Nikolaos Frantzeskakis, Yuko Sato. 2020. "Echoes of a fading past: Authoritarian legacies and far-right voting," Electoral Studies 66: 102163. [Preprint] [Appendix] [Replication materials]

In recent years, electoral support for the far-right has increased dramatically across the world. This phenomenon is especially acute in some new democracies; however, little attention has been devoted to the effects of the legacies of past authoritarian ideologies. We argue that the ideology of the past regime affects far-right support because voters that were politically socialized under authoritarianism will be biased against its ideological brand. To test this argument, we conduct an individual-level analysis across 20 countries between 1996 and 2018 using a difference-in-difference estimation and a country-level analysis using data from 39 democracies between 1980 and 2018. We demonstrate that voters socialized under right-wing dictatorships are less likely to support farright parties compared to citizens that were socialized under different circumstances. Moreover, support for far-right parties is significantly lower in countries that transitioned from right-wing autocracies. Findings are discussed in light of the contribution to the far-right movement literature.


Brandon Beomseob Park, Nikolaos Frantzeskakis, and Jungsub Shin. 2019. "Who is responsible? The effect of clarity of responsibility on voter turnout," West European Politics 42.3: 464-494. [Preprint] [Replication materials]

Does voters’ ability to discern who is responsible for policy outcomes affect voter turnout? Although particular institutional arrangements which influence this ability – known as clarity of responsibility – appear to affect how voters form retrospective judgements, existing literature is less informed about its role on voter turnout. This article argues that voters tend to turn out less if they cannot discern who is responsible for policy outcomes. This lack of clarity hinders the process of retrospective evaluations, makes the electoral stakes less profound, and dampens the voters’ political efficacy.
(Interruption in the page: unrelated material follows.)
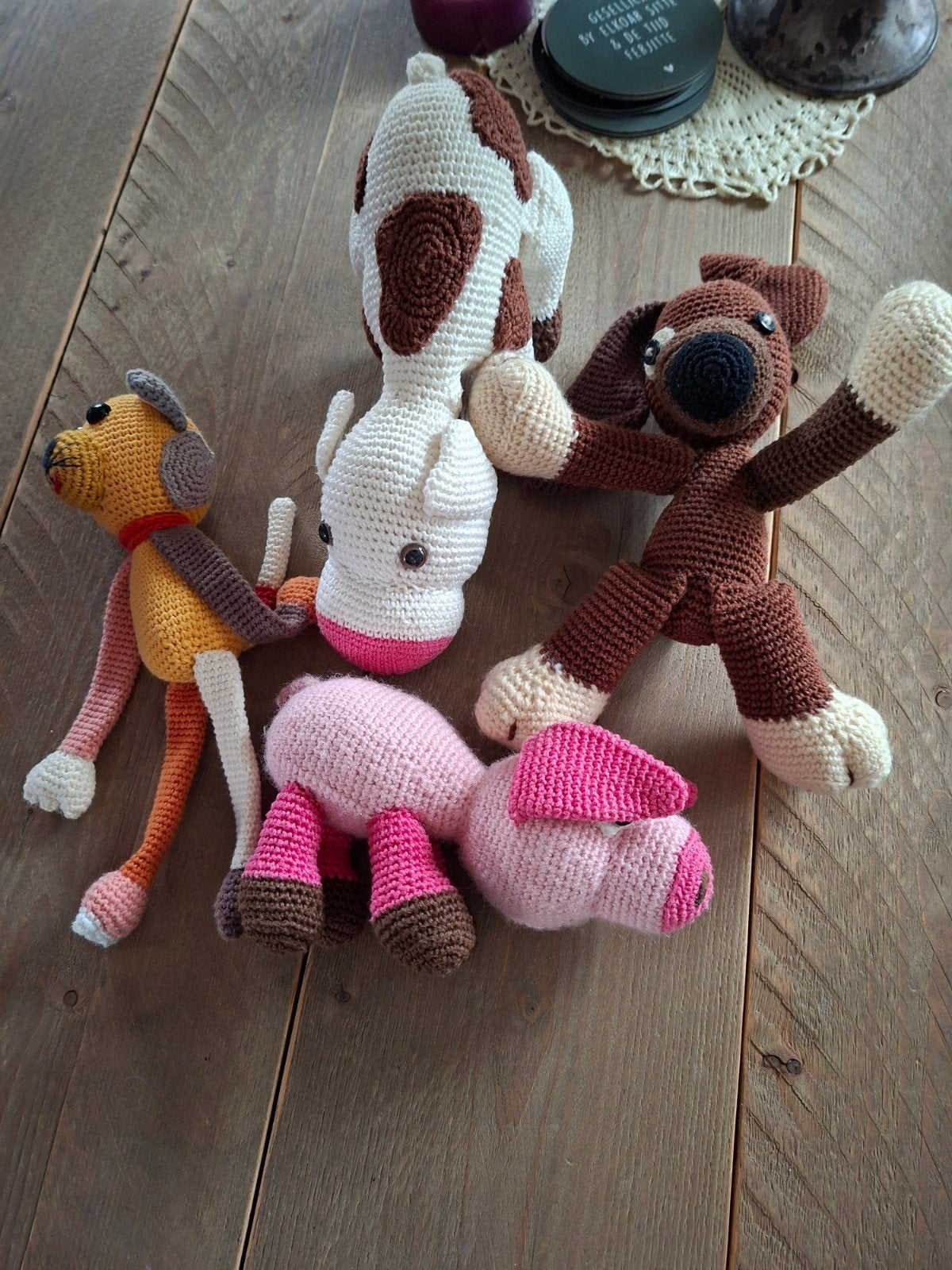 Gehaakte knuffels: poes, hond, koe en varken, Ophalen, Handgemaakt, Hond, Zo goed als nieuw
Using 396 elections in 34 established democracies between 1960 and 2015, it is found that lower clarity of responsibility is associated with lower voter turnout. This study highlights the importance of clarity of responsibility, as it enhances democratic accountability, not only by encouraging retrospective voting, but also by increasing political participation.


Editor Reviewed:

Nikolaos Frantzeskakis, Michael Wahman, and Tevfik Murat Yildirim. 2021. "Malawi: Parliamentary Debate under Executive Dominance" in Bäck Hanna, Marc Debus, and Jorge M. Fernandes (Ed.). The Politics of Legislative Debate. Oxford University Press.

This chapter represents one of the very first quantitative analyses of parliamentary speechmaking in an African democracy. Looking at Malawi in the parliamentary term 2009–2014, we find that MPs in ministerial positions and party leadership speak significantly more than other MPs. We also find that those representing the major opposition party speak significantly more than other MPs. Given the candidate-centric nature of Malawian parliamentary politics and high levels of formal parliamentary openness, these findings run counter to the theory presented in this volume. We suggest that in order to understand speechmaking in the Malawi parliament, one has to take into account both the generally weak position of the legislature vis-à-vis the executive and the role-orientation of Malawian MPs. In a system with high MP turnover rates and ignificant local developmental needs, MPs tend to prioritize constituency development over contributions to the national legislative agenda. With resources highly centered on the executive, backbench MPs are unlikely to see significant benefits in pursuing an active legislative agenda. Consequently, MPs representing the government or those higher in opposition party hierarchies can dominate parliamentary speechmaking.